** Opening Entries provided block **

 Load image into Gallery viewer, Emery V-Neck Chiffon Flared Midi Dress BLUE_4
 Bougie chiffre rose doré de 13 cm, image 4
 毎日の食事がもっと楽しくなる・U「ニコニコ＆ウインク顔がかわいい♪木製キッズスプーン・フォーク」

** Closing Entries provided block **
** Opening Entries provided block **

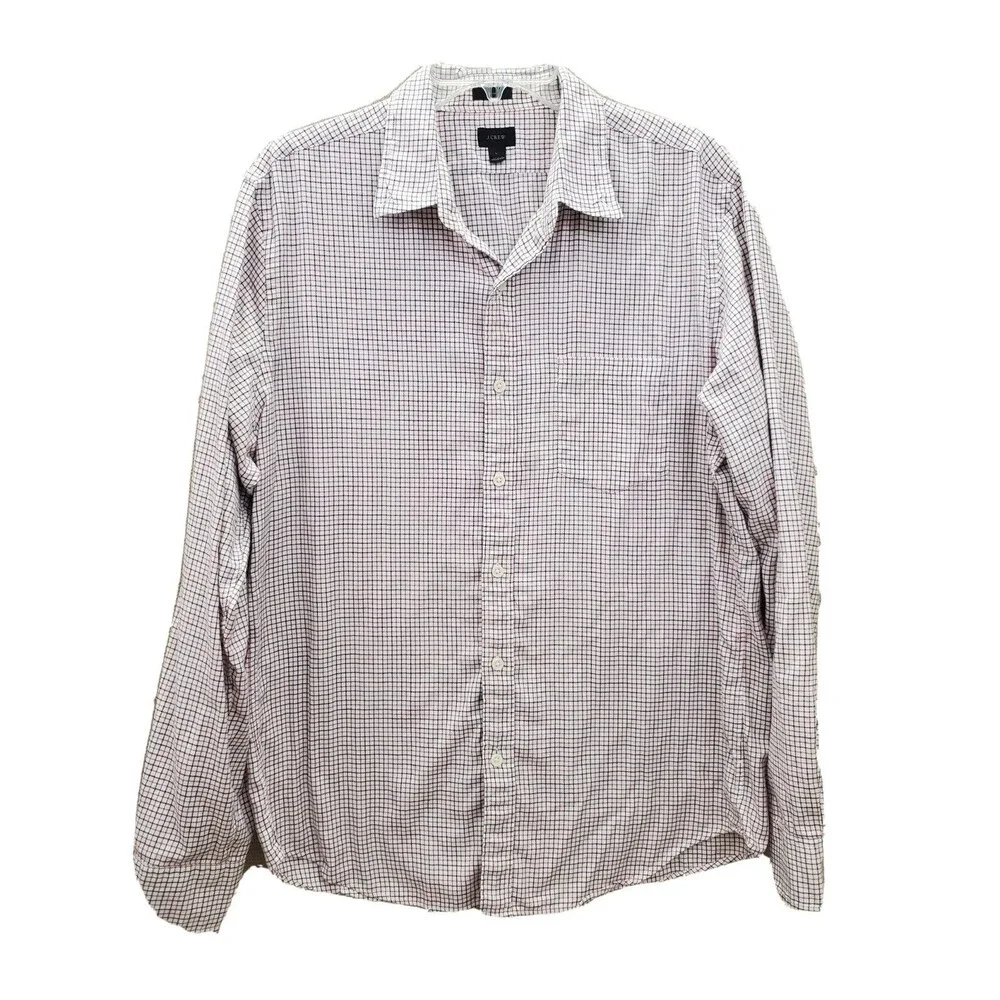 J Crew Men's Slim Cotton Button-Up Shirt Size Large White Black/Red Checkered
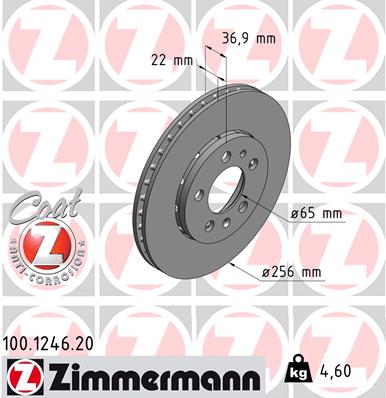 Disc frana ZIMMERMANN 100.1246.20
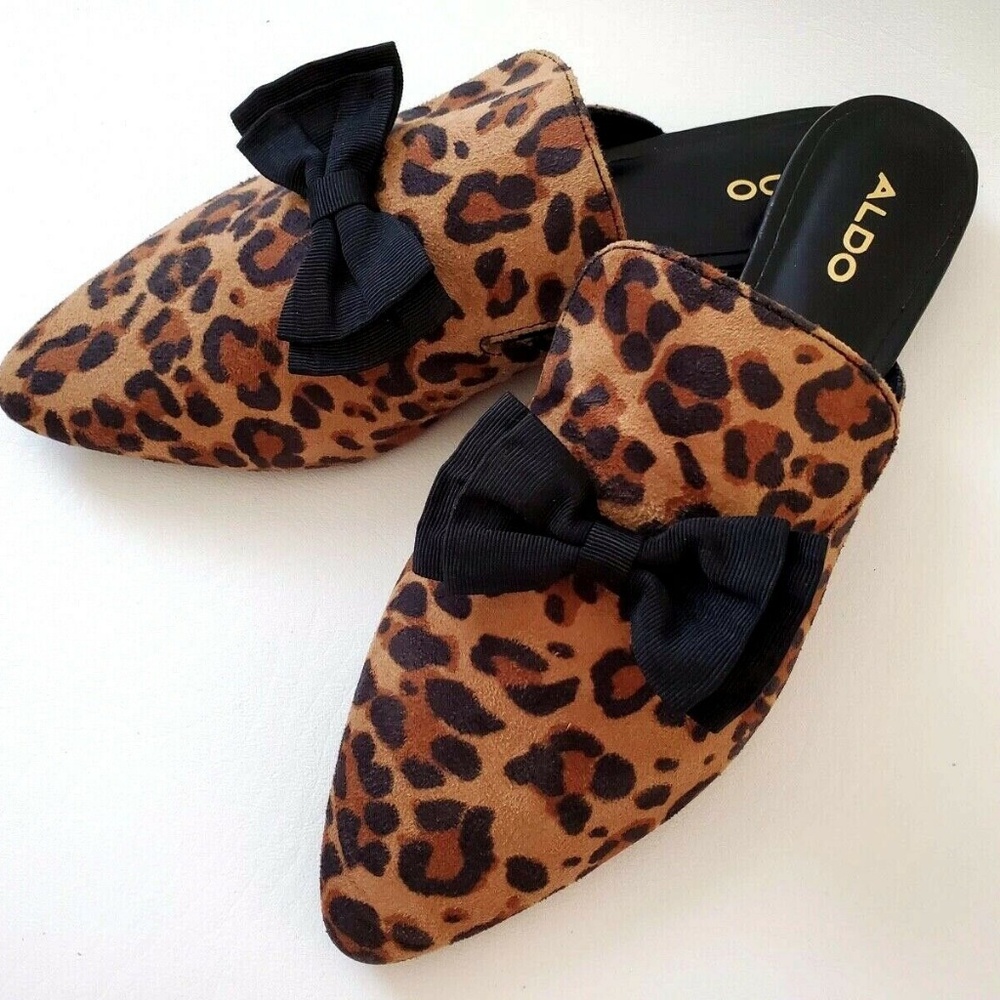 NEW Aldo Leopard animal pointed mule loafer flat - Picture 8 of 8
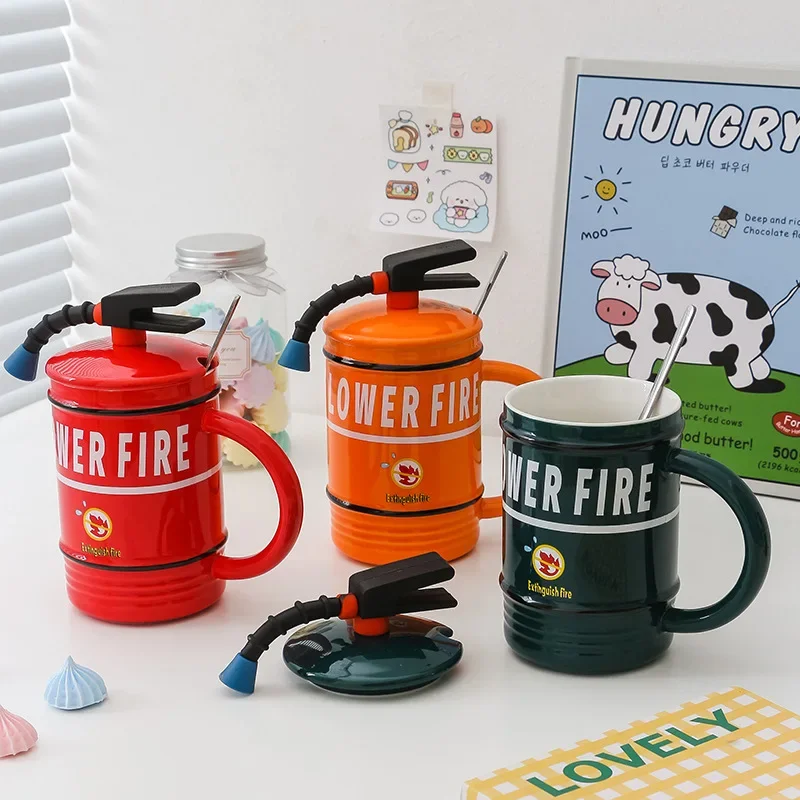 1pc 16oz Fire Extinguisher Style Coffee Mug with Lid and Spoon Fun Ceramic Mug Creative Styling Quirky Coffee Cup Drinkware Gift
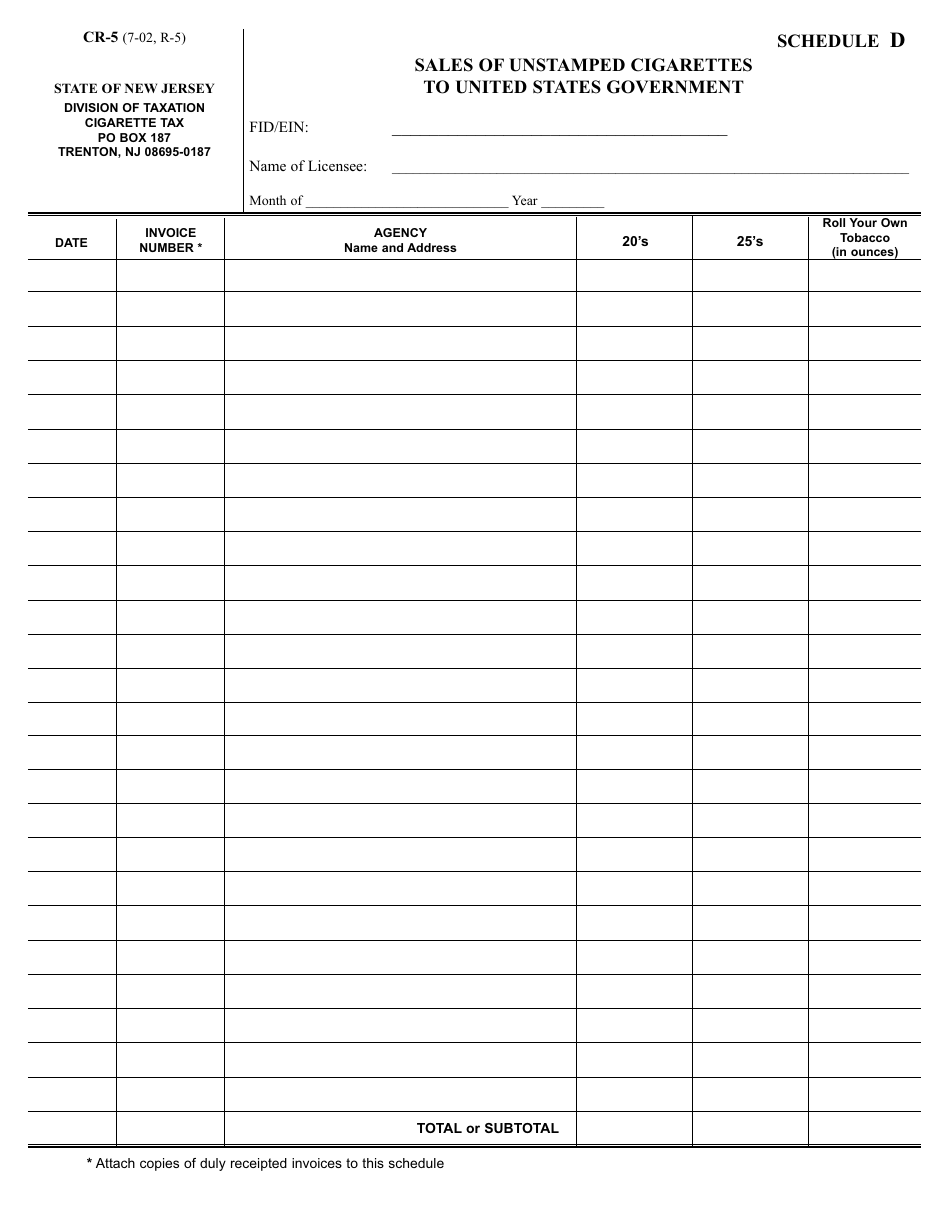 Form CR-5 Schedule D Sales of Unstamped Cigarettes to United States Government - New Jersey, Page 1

** Closing Entries provided block **

*Task brief*.
Repeat exactly the stretch of the listing above that starts with the line holding "Disc frana ZIMMERMANN 100.1246.20" and finishes with the line holding "Form CR-5 Schedule", both included. Skip every picture.

*Exercise solution*.
 Disc frana ZIMMERMANN 100.1246.20
 NEW Aldo Leopard animal pointed mule loafer flat - Picture 8 of 8
 1pc 16oz Fire Extinguisher Style Coffee Mug with Lid and Spoon Fun Ceramic Mug Creative Styling Quirky Coffee Cup Drinkware Gift
 Form CR-5 Schedule D Sales of Unstamped Cigarettes to United States Government - New Jersey, Page 1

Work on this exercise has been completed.